En poursuivant ses recherches, Charles Compagnon a trouvé une seule réunion le 12 décembre 2021 où l’association a vu son conventionnement arrêté par la municipalité. « Le seul motif exprimé par la ville : le projet ne correspond pas au projet municipal. » Devant cette situation, le leader de l’opposition s’interroge aujourd’hui sur la place publique. « La nouvelle équipe de l’UIAR, élue depuis le 26 juin 2021, donne-t-elle assez de gages politiques à la majorité ? Cette allégeance était apportée par l’ancien président et ses troupes. Ces élus ainsi que certains salariés de l’UAIR avaient d’ailleurs comme qualité de militer dans le même parti que celui de madame la maire. »
Pourtant, cette association fait partie de l’histoire du territoire. « 40 ans ce n’est pas rien. La nouvelle équipe qui dirige l’UAIR depuis presque 2 ans est l’exemple même d’une intégration réussie. Pour la majorité d’entre eux, ils ont eu un parcours migratoire. Cette équipe dispose de de compétences, d’expérience, de formation nécessaires à une bonne gestion.

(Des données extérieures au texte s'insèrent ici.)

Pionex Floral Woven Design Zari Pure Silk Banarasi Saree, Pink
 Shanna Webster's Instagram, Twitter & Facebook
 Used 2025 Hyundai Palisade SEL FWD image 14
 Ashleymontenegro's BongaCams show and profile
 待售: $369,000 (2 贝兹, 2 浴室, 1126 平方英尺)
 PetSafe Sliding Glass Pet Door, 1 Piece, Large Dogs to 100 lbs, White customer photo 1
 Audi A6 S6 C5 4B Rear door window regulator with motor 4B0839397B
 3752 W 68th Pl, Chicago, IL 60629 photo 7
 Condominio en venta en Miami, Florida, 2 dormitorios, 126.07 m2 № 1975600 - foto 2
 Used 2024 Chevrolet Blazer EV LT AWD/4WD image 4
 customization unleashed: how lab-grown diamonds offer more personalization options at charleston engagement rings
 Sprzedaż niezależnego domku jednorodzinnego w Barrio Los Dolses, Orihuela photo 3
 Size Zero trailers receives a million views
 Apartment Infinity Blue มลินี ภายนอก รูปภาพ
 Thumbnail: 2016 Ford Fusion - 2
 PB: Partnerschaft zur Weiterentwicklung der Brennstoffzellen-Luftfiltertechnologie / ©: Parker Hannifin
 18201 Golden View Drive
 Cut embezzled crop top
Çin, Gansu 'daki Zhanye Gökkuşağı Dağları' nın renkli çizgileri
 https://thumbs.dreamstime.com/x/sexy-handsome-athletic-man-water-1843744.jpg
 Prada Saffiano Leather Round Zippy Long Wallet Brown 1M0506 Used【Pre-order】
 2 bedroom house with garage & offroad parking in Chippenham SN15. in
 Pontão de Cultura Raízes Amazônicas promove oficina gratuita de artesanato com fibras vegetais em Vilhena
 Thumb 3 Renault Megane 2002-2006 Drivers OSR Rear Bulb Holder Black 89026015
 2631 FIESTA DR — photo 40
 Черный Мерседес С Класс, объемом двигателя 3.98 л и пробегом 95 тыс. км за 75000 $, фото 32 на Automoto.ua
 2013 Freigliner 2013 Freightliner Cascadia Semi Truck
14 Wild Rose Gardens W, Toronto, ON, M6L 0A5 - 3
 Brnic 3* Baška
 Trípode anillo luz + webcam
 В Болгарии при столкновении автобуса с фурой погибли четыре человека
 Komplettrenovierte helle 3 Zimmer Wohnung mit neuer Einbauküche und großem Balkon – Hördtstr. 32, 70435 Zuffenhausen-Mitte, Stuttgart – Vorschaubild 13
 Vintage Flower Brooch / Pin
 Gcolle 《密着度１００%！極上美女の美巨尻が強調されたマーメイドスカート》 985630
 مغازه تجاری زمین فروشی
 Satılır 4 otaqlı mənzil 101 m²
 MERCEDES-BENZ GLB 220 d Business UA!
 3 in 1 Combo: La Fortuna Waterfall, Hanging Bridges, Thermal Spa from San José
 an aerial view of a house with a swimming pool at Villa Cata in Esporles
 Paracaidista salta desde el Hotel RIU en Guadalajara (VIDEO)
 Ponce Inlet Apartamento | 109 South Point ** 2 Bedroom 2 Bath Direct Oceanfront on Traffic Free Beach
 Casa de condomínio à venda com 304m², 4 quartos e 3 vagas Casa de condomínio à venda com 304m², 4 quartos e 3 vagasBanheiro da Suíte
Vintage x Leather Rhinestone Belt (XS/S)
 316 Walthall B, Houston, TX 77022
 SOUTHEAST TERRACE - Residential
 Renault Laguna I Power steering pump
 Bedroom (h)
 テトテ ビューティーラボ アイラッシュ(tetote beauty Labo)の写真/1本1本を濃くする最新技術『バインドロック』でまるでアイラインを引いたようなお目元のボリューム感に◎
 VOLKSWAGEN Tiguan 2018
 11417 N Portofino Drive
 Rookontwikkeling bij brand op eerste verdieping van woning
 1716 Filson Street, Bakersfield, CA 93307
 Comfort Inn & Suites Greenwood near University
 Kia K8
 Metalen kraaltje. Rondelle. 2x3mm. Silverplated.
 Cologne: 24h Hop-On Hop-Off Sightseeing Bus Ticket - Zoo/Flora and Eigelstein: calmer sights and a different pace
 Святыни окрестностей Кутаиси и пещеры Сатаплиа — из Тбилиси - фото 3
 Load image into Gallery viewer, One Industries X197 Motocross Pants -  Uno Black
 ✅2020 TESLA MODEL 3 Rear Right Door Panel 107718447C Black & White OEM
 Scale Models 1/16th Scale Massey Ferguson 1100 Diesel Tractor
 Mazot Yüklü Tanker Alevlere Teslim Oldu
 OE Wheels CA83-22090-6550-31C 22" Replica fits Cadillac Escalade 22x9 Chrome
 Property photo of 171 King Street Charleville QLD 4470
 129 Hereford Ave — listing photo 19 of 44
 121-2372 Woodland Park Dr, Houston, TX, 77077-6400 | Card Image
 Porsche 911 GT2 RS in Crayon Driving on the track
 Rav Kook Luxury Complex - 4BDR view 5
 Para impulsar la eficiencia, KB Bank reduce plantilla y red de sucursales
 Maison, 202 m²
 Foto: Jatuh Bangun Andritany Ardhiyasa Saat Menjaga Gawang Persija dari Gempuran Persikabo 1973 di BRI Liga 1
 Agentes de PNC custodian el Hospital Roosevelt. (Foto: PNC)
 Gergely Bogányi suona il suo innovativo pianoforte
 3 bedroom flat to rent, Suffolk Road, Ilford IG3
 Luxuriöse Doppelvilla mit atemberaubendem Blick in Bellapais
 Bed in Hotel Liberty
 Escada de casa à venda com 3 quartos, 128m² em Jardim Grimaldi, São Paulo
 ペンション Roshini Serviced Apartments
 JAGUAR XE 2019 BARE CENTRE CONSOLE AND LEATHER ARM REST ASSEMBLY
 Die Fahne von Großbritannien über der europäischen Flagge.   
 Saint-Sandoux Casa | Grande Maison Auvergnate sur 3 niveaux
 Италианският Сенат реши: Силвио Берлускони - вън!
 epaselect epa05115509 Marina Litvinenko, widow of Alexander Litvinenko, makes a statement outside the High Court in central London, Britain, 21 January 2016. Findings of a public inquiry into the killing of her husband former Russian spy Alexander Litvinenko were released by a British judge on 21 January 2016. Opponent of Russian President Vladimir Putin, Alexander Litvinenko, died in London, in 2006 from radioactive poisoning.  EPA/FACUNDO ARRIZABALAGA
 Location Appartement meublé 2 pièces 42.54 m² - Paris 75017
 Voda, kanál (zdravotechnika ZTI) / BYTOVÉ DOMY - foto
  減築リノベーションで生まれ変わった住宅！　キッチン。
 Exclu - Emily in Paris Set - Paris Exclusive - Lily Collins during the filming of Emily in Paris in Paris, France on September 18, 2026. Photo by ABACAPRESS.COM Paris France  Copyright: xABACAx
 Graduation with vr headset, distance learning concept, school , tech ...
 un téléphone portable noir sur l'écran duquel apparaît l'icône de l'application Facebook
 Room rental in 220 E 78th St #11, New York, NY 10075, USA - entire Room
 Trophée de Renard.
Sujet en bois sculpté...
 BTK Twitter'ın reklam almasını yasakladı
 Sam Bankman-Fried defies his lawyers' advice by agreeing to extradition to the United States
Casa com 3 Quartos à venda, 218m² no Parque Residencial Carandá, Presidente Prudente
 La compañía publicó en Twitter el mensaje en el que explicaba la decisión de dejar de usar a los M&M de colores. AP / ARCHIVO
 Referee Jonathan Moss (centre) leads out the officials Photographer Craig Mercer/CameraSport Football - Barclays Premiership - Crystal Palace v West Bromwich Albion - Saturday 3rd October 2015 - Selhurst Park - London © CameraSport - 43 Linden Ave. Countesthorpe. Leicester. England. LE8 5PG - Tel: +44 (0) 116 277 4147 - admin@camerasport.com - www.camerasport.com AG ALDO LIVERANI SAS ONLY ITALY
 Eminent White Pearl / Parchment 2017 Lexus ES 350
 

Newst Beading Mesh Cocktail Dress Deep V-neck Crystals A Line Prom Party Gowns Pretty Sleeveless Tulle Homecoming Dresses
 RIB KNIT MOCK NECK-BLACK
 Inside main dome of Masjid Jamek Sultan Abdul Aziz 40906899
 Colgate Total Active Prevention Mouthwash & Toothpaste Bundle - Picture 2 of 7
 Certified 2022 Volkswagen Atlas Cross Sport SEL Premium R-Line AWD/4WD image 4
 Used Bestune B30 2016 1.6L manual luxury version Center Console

La liberté associative pour cette majorité serait donc à géométrie variable ! Nous vous demandons de reconsidérer vos positions concernant l’UAIR, à moins que le fait d’être défendu par nous, précipite encore plus rapidement la fin de l’association. »
Pas de décision à la légère
Adjointe au maire, Geneviève Letourneux confirme les échanges avec l’association. « Notre décision n’a pas été prise à la légère », convient-elle. « Le projet de l’UIAR a compté pour de nombreux Rennais. Il y a eu depuis des turbulences. Les bilans étaient mitigés. Mais l’UAIR n’a pas voulu entendre raison. Elle se dit, désormais, victime d’un mauvais traitement. Ce n’est pas la réalité ! Il y a eu un abus de notre confiance, de notre patience. Notre décision a été prise en conscience et de manière transparente avec l’ensemble des partenaires financiers et les responsables associatifs. Après quatre ans de dialogue, d’échanges, il n’y a eu aucune formulation de projet. L’histoire de l’UIAR ne dicte pas les choix d’aujourd’hui. Il faut s’appuyer sur la réalité des faits et des évaluations qui ont été faites de manière extrêmement scrupuleuses et régulières. »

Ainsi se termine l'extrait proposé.